Greve na Rede de Apoio ao Cidadão dos Açores nos 80% com várias lojas encerradas

Greve na Rede de Apoio ao Cidadão dos Açores nos 80% com várias lojas encerradas

 

Lusa/AO Online   Regional   16 de Ago de 2019, 13:44

A adesão à greve dos trabalhadores da Rede Integrada de Apoio ao Cidadão (RIAC) dos Açores "situa-se nos 80%", com "muitas lojas encerradas", segundo dados do sindicato, adiantando o executivo que a paralisação abrange 28% dos trabalhadores.

Os trabalhadores da RIAC estão hoje de novo em greve, a quarta paralisação desde 2018, pelo "direito à valorização e dignificação profissional das suas cada vez maiores, mais complexas e exigentes funções”.

O Sindicato dos Trabalhadores da Administração Pública e de Entidades com Fins Públicos (SINTAP/Açores) aponta que a estes funcionários é pedido "muito de tudo em troca de bem pouco", já que "a especificidade, abrangência, complexidade e responsabilidade das funções exigidas fazem com que estes trabalhadores exorbitem em muito aquilo que constitui o conteúdo profissional da carreira de assistente técnico".

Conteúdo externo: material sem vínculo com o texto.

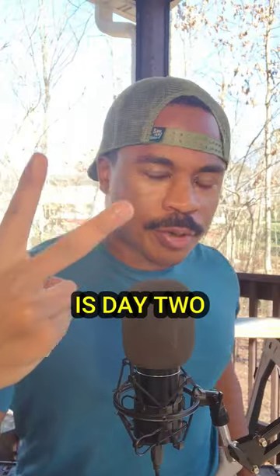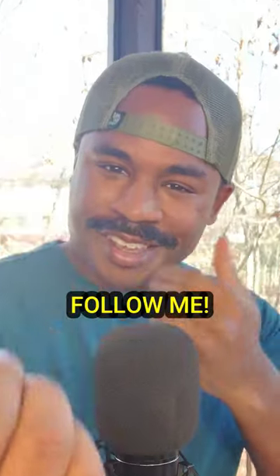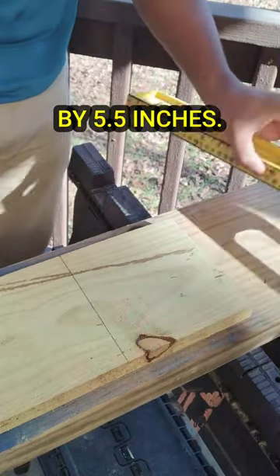What's good y'all? Today is day two of making the special order birdhouse, so follow me. First we're gonna need two squares that are both five and a half inches by five and a half inches.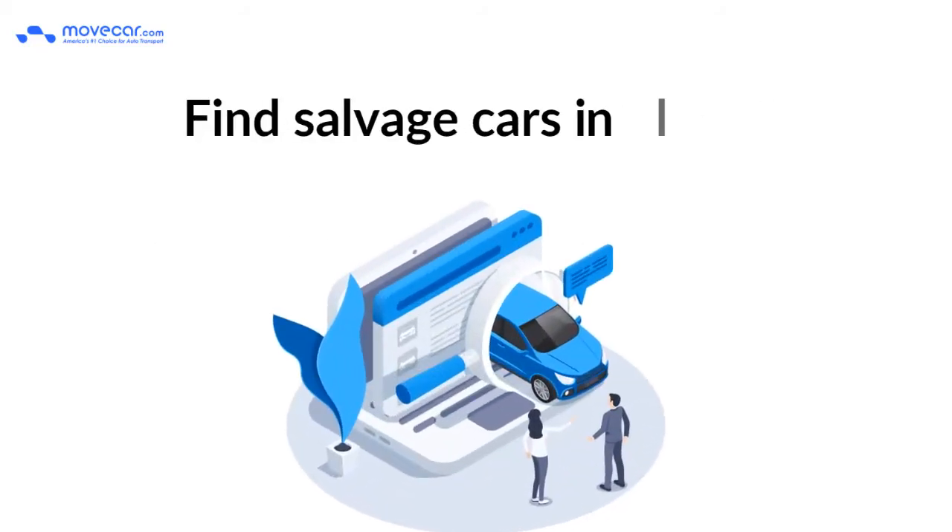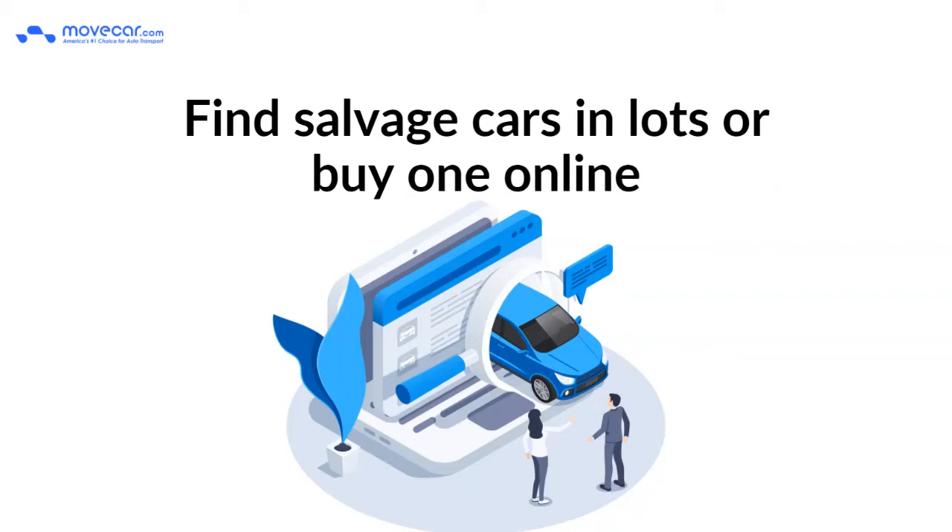How to buy a salvage car. You can either find salvage cars in lots or buy one online.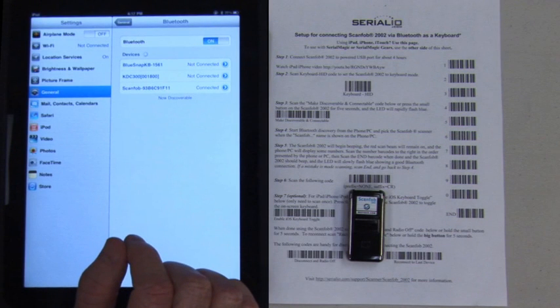The ScanFob 2002 should beep and now it's connected to the iPad. This is shown in the iPad Bluetooth device area.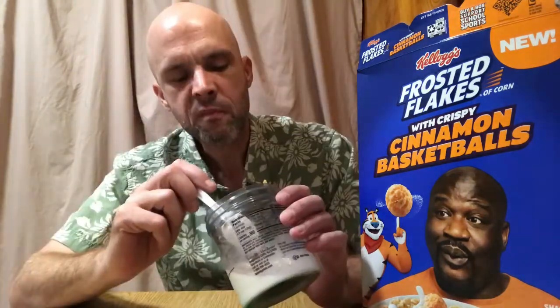No one's Shaq and the way he does stuff. I wonder if they gave him other options besides cinnamon — like chocolate basketballs, or maybe orange flavor or something fruity. I wonder how many they went through before they settled on cinnamon. It's really good. You get your normal Frosted Flakes crunch, Frosted Flakes texture and all that good stuff. And then the basketballs just add a little bit of cinnamon to it. Their texture really doesn't disrupt the whole thing — those things just kind of fall apart. They have a nice crunch to them, but it's a real quick crunch — crunch and it's done.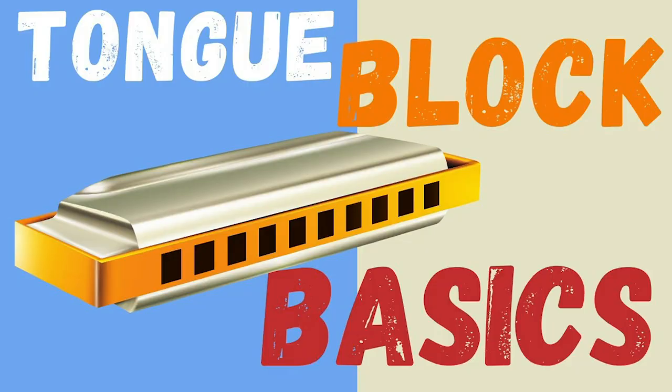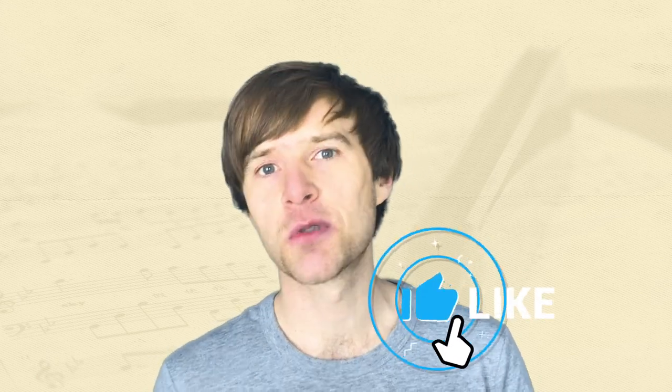With that in mind, I've put together a premium course on all of those tongue blocking techniques. If you'd like to find out more and pursue this technique in more detail, do check the link beneath the video. Remember, if you've enjoyed this video, click like and subscribe to my channel — I put out free harmonica lessons every week. Thank you so much for studying with me today, and I look forward to seeing you again soon. Cheers.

O coordenador do SINTAP de Ponta Delgada, Orlando Esteves, disse à agência Lusa que “o objetivo da paralisação é forçar o Governo Regional a sentar-se à mesa das negociações para criar uma carreira especial para estes trabalhadores afetos à vice-presidência do Governo Regional”.

Segundo Orlando Esteves, membro da comissão executiva do SINTAP, a greve está a registar uma adesão de 80%, acrescentando que há lojas encerradas em várias ilhas dos Açores, sendo que "apenas no Corvo e em São Jorge até agora os funcionários não aderiram a greve".

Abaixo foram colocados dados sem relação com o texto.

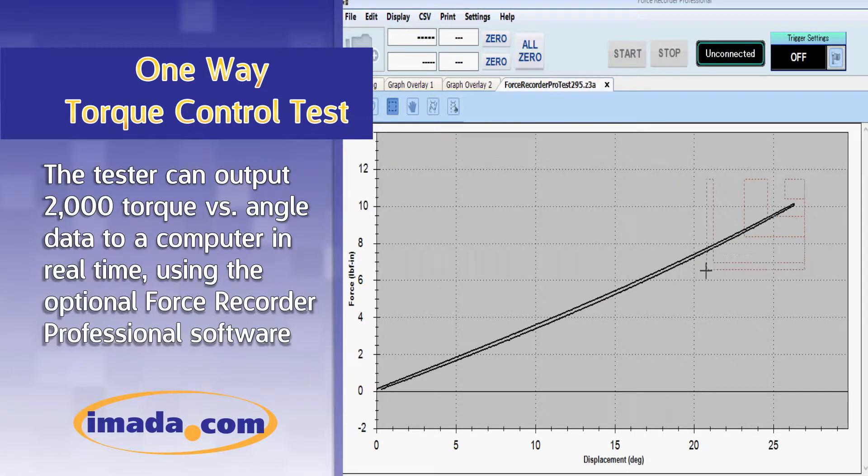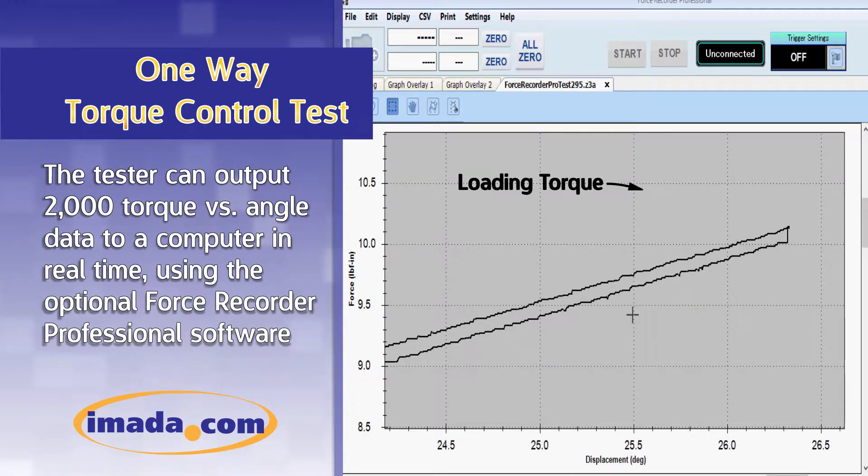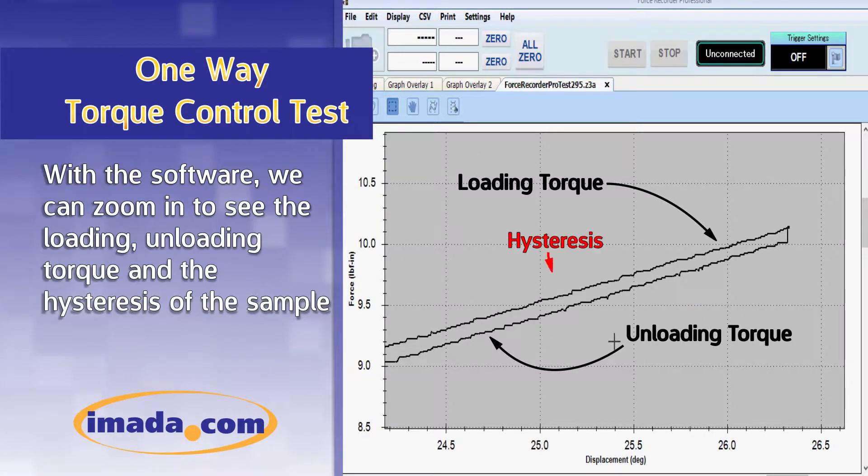The tester can output 2000 torque versus angle data points to a computer in real time. With the software, we can zoom in to see the loading and unloading torque and the hysteresis of the sample.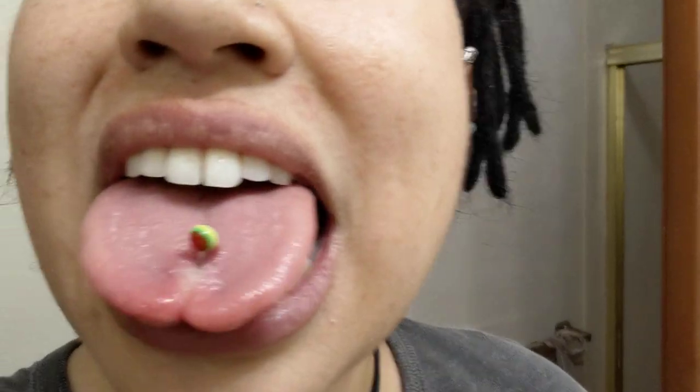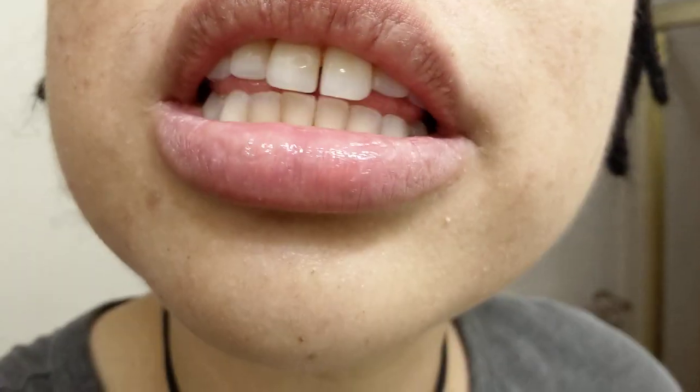Hey guys, so basically today is my first day of a tie-off method for tongue split. As you can see, it's indented. I'm going to change it every day. It's not even that painful — I can handle it, no big deal. I'll upload this and show you my progress.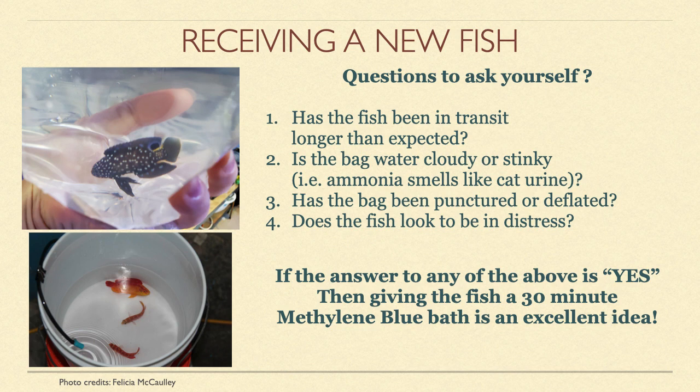So ask yourself the following questions: Has the fish been in transit longer than expected? Is the bag water cloudy or stinky? Remember, ammonia smells like cat urine. Has the bag been punctured or deflated? And finally, does the fish look to be in distress? If the answer to any of the above is yes, then giving the fish a 30-minute methylene blue bath is an excellent idea.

O dirigente sindical referiu também que "há lojas abertas, porque o serviço está a ser assegurado por funcionários afetos a programas ocupacionais".

Na ilha do Faial, realçou, “nas quatro greves anteriores a adesão foi fraca, mas hoje há três lojas encerradas e duas abertas, asseguradas com pessoal de programas”.

A RIAC abriu o primeiro espaço em 2004 e conta, atualmente, com 54 lojas nas nove ilhas dos Açores, que permitem fazer documentos de identificação pessoal ou do carro e aceder a serviços da Segurança Social, de saúde ou relacionados com o pagamento de contas de serviços públicos, entre outros.

A rede integra cerca de 100 colaboradores.

"Eles trabalham para cerca de 60 entidades, a Empresa de Eletricidade dos Açores (EDA), a Autoridade Tributária, a Segurança Social e isso ultrapassa os 800 tipos de serviço", apontou Orlando Esteves.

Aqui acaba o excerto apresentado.